======== Material provided

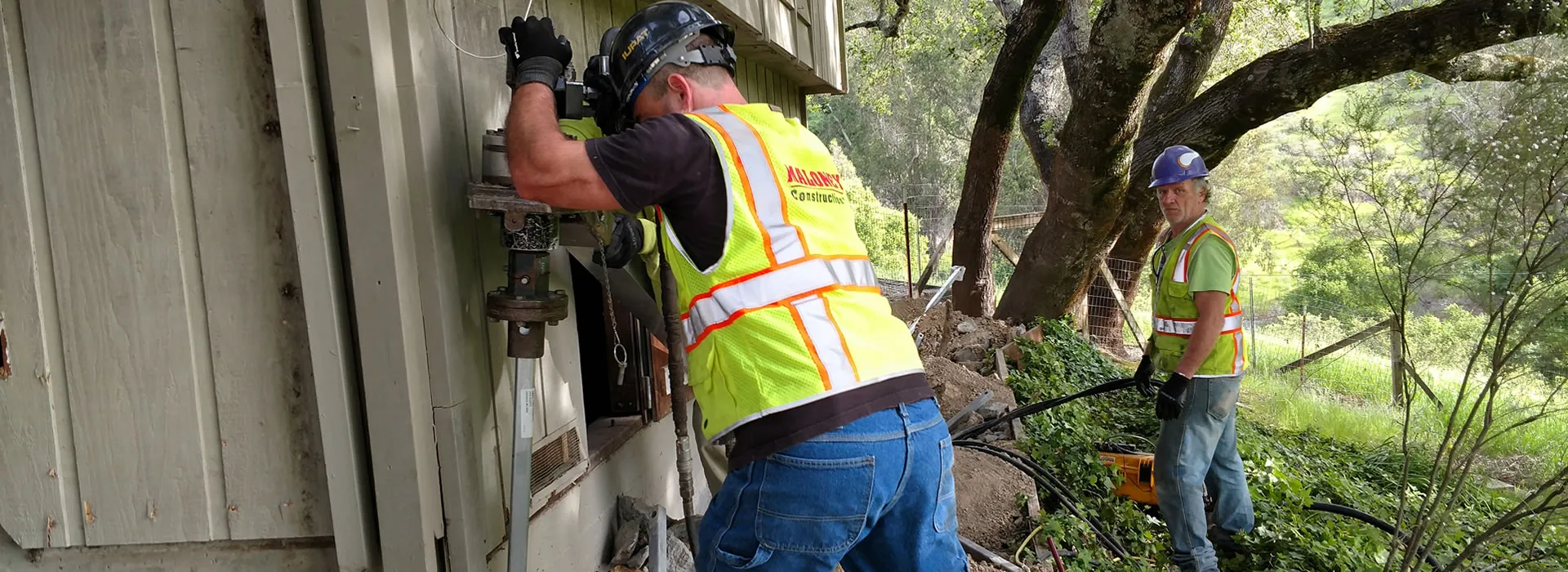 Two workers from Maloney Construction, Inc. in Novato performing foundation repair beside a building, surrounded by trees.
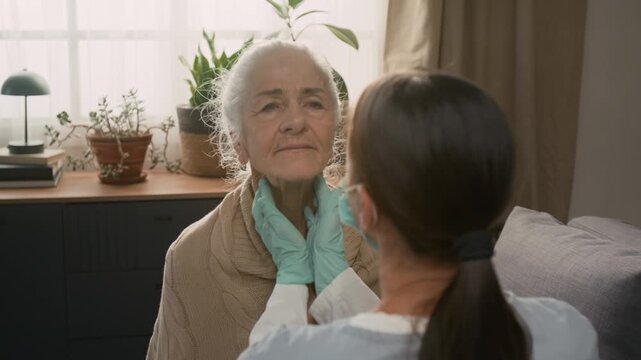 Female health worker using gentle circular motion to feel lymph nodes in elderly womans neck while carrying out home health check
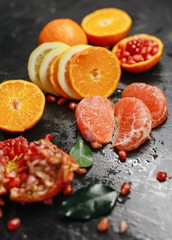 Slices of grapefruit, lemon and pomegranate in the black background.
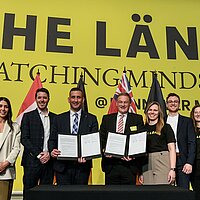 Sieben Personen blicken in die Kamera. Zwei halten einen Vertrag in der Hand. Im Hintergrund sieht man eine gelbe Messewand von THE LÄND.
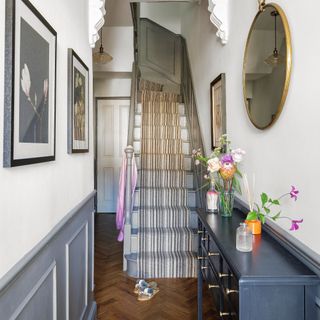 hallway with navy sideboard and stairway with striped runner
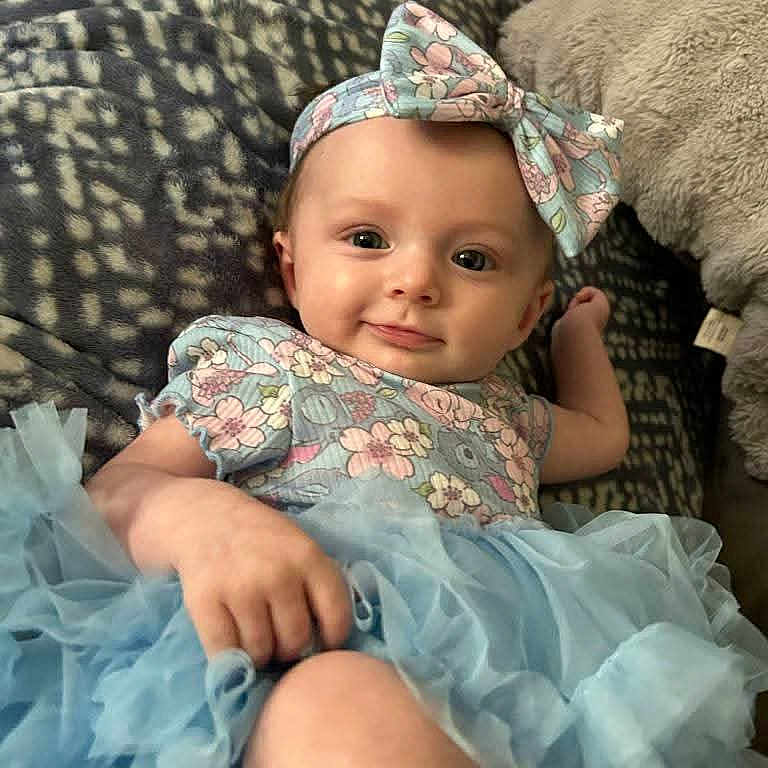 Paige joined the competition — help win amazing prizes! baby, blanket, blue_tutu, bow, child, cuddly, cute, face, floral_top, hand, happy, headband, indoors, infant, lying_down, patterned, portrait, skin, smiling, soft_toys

================

Task item
Could each line of the data be written out exactly, with no pictures included?

Task solution
 Two workers from Maloney Construction, Inc. in Novato performing foundation repair beside a building, surrounded by trees.
 Female health worker using gentle circular motion to feel lymph nodes in elderly womans neck while carrying out home health check
 Slices of grapefruit, lemon and pomegranate in the black background.
 Sieben Personen blicken in die Kamera. Zwei halten einen Vertrag in der Hand. Im Hintergrund sieht man eine gelbe Messewand von THE LÄND.
 hallway with navy sideboard and stairway with striped runner
 Paige joined the competition — help win amazing prizes! baby, blanket, blue_tutu, bow, child, cuddly, cute, face, floral_top, hand, happy, headband, indoors, infant, lying_down, patterned, portrait, skin, smiling, soft_toys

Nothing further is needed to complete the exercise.